In the entries that follow, find the line containing "Set of two modern" and the line containing "A 15ct gold", then copy exactly everything from the first through the second except the pictures.

WORKING DATA:

- - - - -

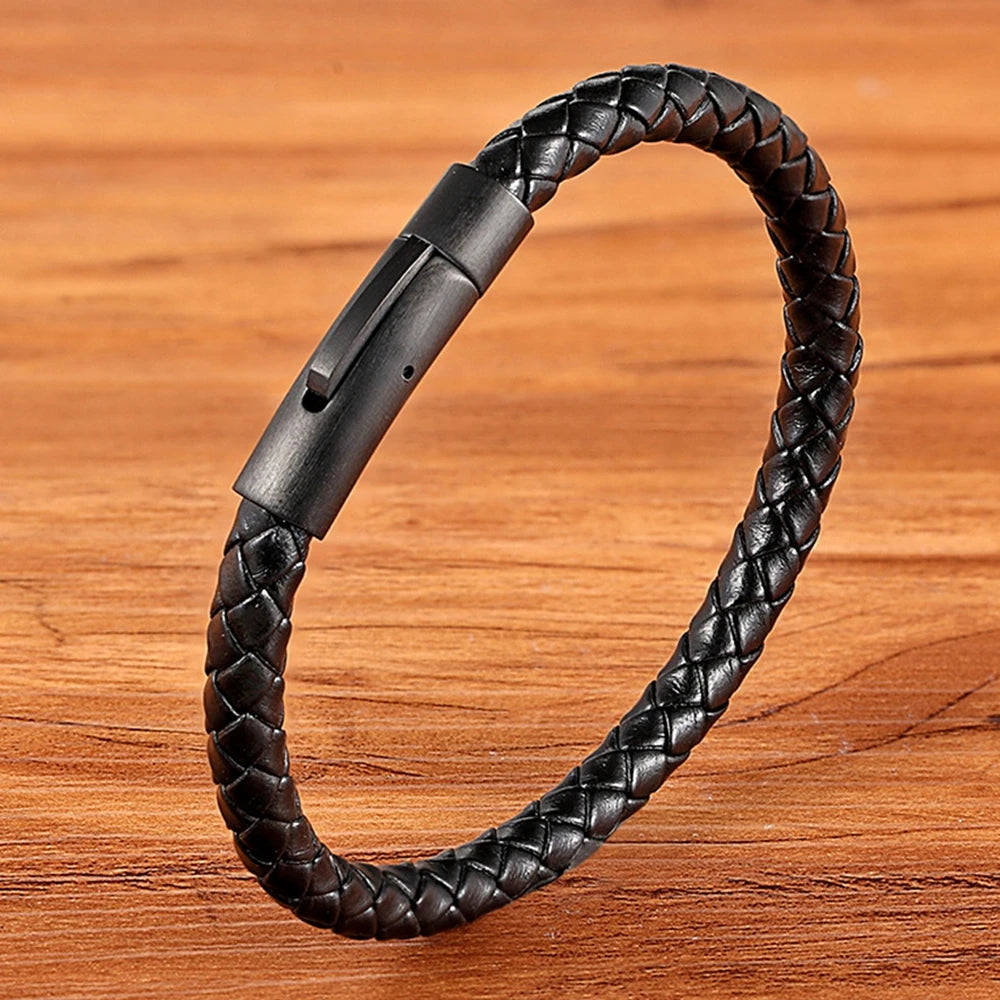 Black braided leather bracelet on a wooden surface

- - - - -

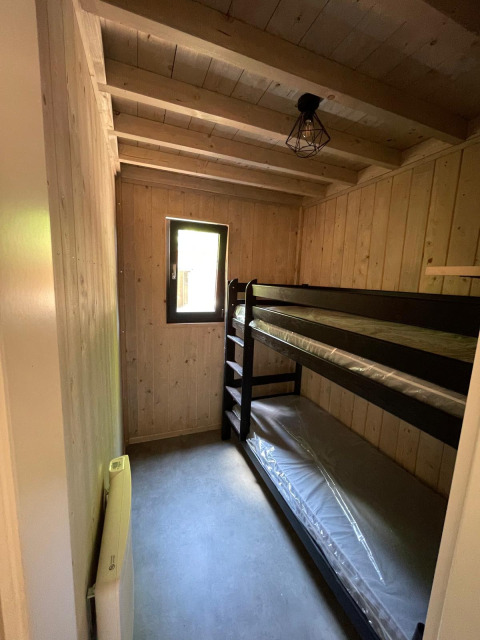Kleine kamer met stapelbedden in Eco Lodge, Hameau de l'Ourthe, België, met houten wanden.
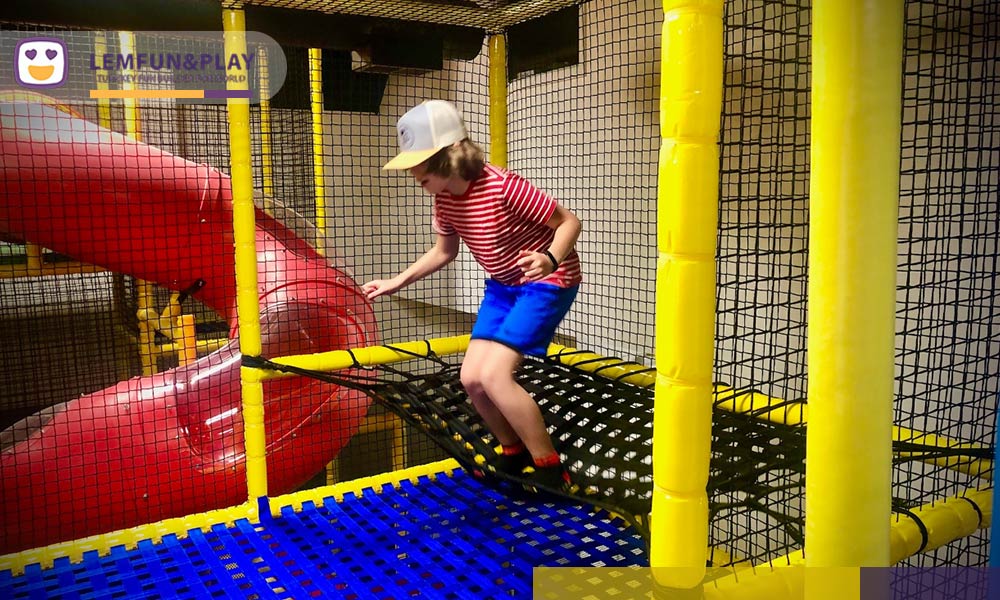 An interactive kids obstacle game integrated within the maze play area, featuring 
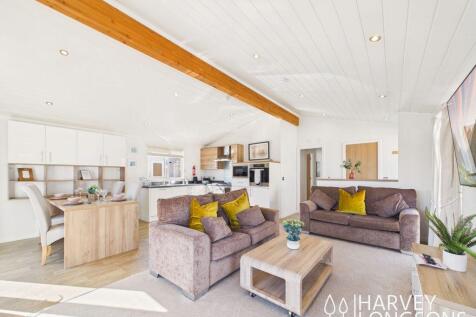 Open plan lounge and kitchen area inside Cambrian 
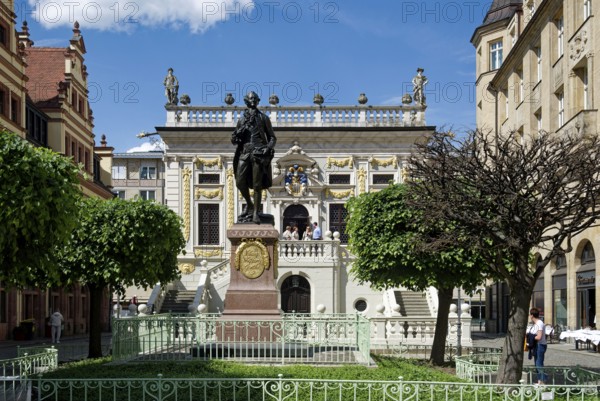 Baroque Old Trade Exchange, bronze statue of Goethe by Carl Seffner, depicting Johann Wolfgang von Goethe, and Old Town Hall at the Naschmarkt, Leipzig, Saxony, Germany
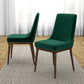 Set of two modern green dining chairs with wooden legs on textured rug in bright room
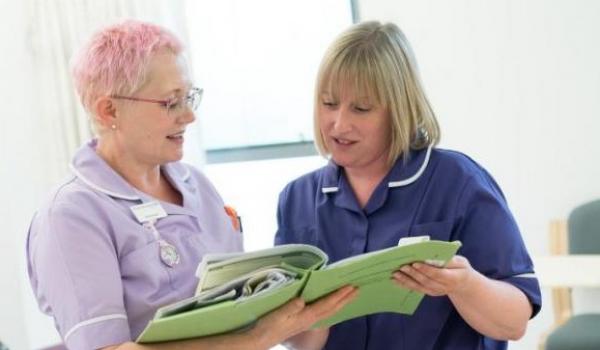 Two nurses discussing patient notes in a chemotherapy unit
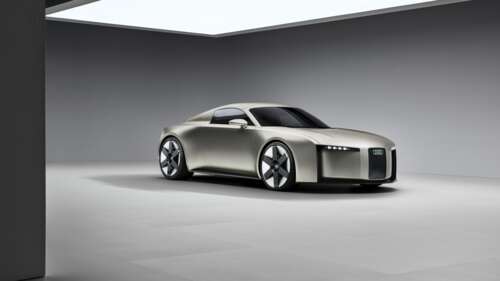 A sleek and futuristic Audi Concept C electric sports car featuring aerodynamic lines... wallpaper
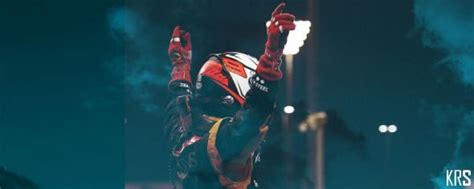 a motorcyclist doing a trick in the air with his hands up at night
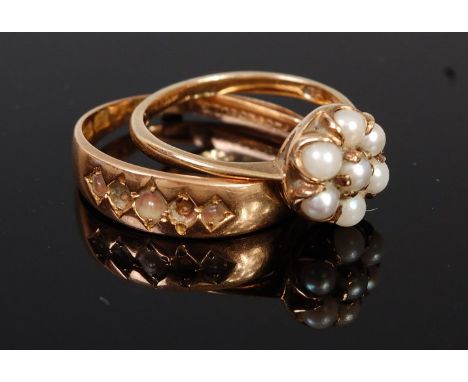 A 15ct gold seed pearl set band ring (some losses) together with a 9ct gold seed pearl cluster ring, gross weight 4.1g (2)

- - - - -

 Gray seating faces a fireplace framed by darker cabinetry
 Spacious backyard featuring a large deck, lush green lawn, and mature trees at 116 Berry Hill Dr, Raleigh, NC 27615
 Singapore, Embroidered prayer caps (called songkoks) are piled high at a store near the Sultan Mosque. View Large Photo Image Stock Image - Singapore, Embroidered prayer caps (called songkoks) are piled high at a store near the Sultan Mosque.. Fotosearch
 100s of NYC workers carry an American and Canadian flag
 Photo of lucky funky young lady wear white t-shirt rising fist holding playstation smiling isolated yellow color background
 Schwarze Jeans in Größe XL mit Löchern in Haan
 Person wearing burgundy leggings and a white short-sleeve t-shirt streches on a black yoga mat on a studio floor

- - - - -

YOUR RESPONSE:
 Set of two modern green dining chairs with wooden legs on textured rug in bright room
 Two nurses discussing patient notes in a chemotherapy unit
 A sleek and futuristic Audi Concept C electric sports car featuring aerodynamic lines... wallpaper
 a motorcyclist doing a trick in the air with his hands up at night
 A 15ct gold seed pearl set band ring (some losses) together with a 9ct gold seed pearl cluster ring, gross weight 4.1g (2)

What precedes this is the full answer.